Le poète est celui qui a fait le tour de son domaine et qui, du cœur de sa chambre, en retrace sans cesse les contours au fond de lui, jusqu’à oublier, parfois, que lorsqu’il se tourne vers le monde, c’est en lui-même qu’il regarde. Quoi qu’il fasse, il se replie sur ces terres anciennes que ses mots ravivent, et de là il arpente le monde, main dans la main avec ces autres voix qui l’ont forgé et qui lui balisent la voie au cours des errances nécessaires qui le mènent jusqu’aux portes de l’œuvre. Il ne va pas plus loin : le poète est dans sa chambre noire et y demeure. À l’œuvre la lumière du jour et du monde.

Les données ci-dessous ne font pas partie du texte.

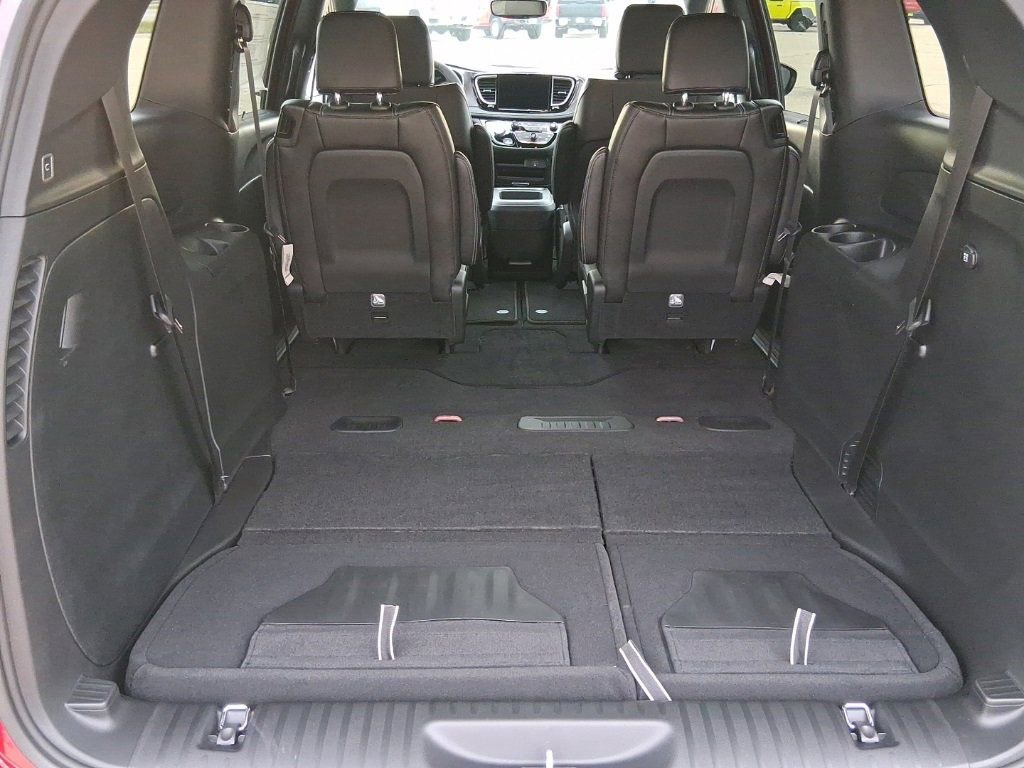 New 2026 Chrysler Pacifica Select image 19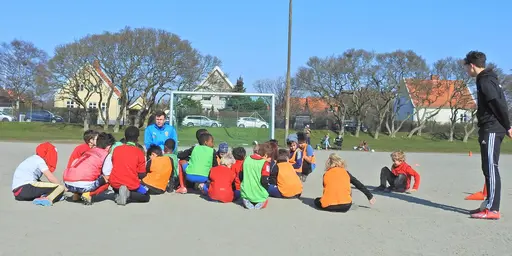 Sol, matcher och en på alla sätt härlig dag. Men visst är vi lite sugna på gräs nu när gruset börjar att damma. Foto: Daniel Nunez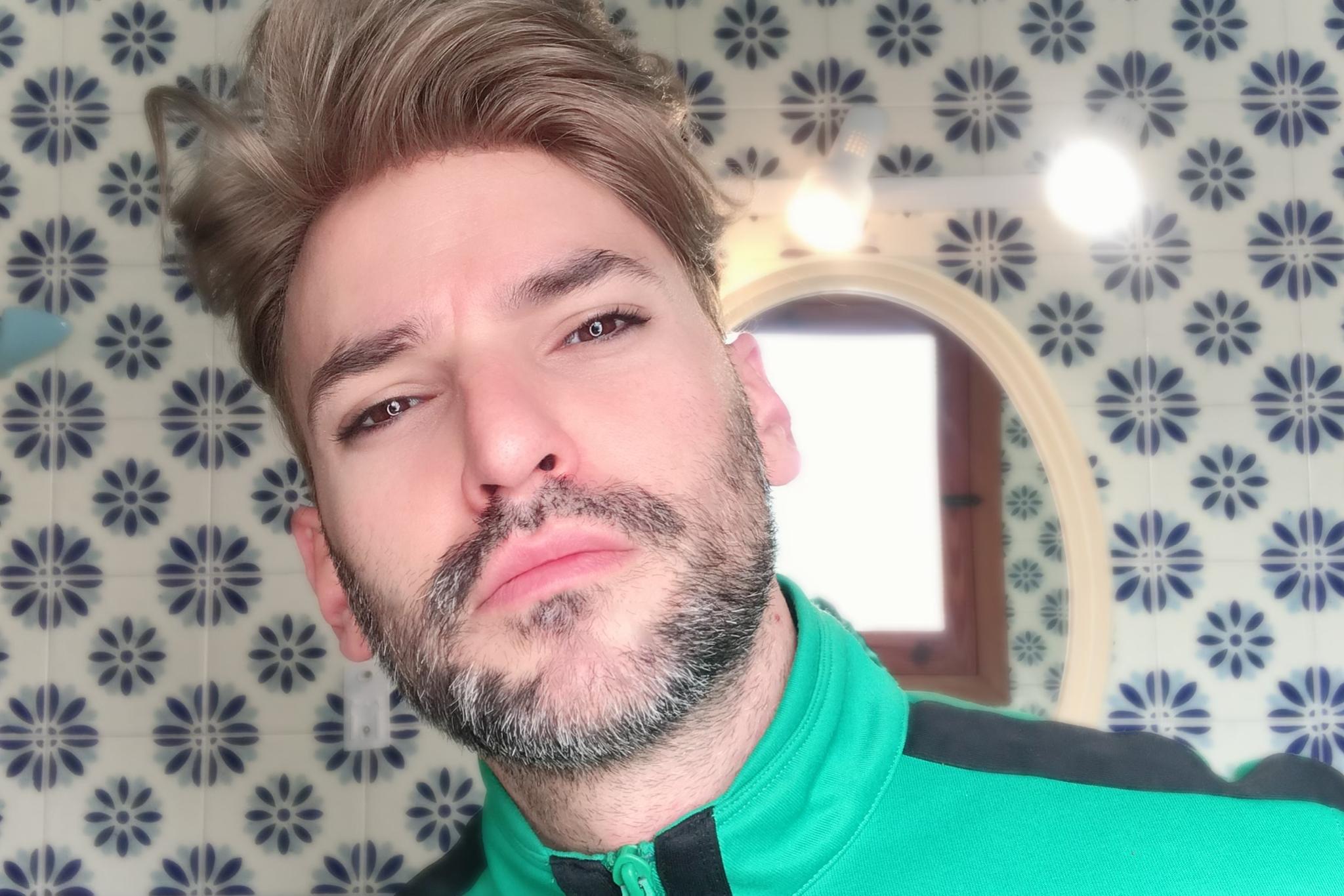 toupee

C’est de cette chambre que nous parvient la voix de l’auteur du recueil. Tantôt nostalgique, tantôt onirique, cette voix s’échappe de son creuset en quête de ses sources, fait naître de multiples paysages, propose quelques portraits et nous traîne avec elle dans son exil. Il ne nous reste qu’à la suivre et c’est bien l’impression qui demeure après la lecture de ce livre : une série de tableaux présentés comme à la tombée de la nuit, où divers personnages, reflets multiples du poète, s’arrachent à leur solitude pour un peu de clarté. Toujours nous revient l’image de ce qui reste d’une ville que le temps a usée, que la mémoire a émoussée, et c’est dans ce qui en reste que la lumière se fait, à la fois trouble, inquiétante, et salvatrice. C’est de cette lumière que se nourrit le poète du fond de sa chambre, c’est grâce à elle qu’il arrive à situer les frontières du domaine parcouru, à mesurer la distance qui le fonde et le garde en mouvement malgré l’écart que lui impose son regard sur le monde.
Replis est une œuvre qui nous abrite et nous recueille, mais sans la sécurité et le confort d’une lecture facile : les images sont fortes, mais présentent parfois cette obscurité féconde que l’on retrouve chez René Char. Sans tomber dans l’hermétisme, elles nous communiquent un certain malaise dont on ressent la profondeur s’accroître de page en page, mais c’est là le pari de la poésie : nous faire vivre le risque magnifique d’être plus humain, ne serait-ce que pour quelques instants.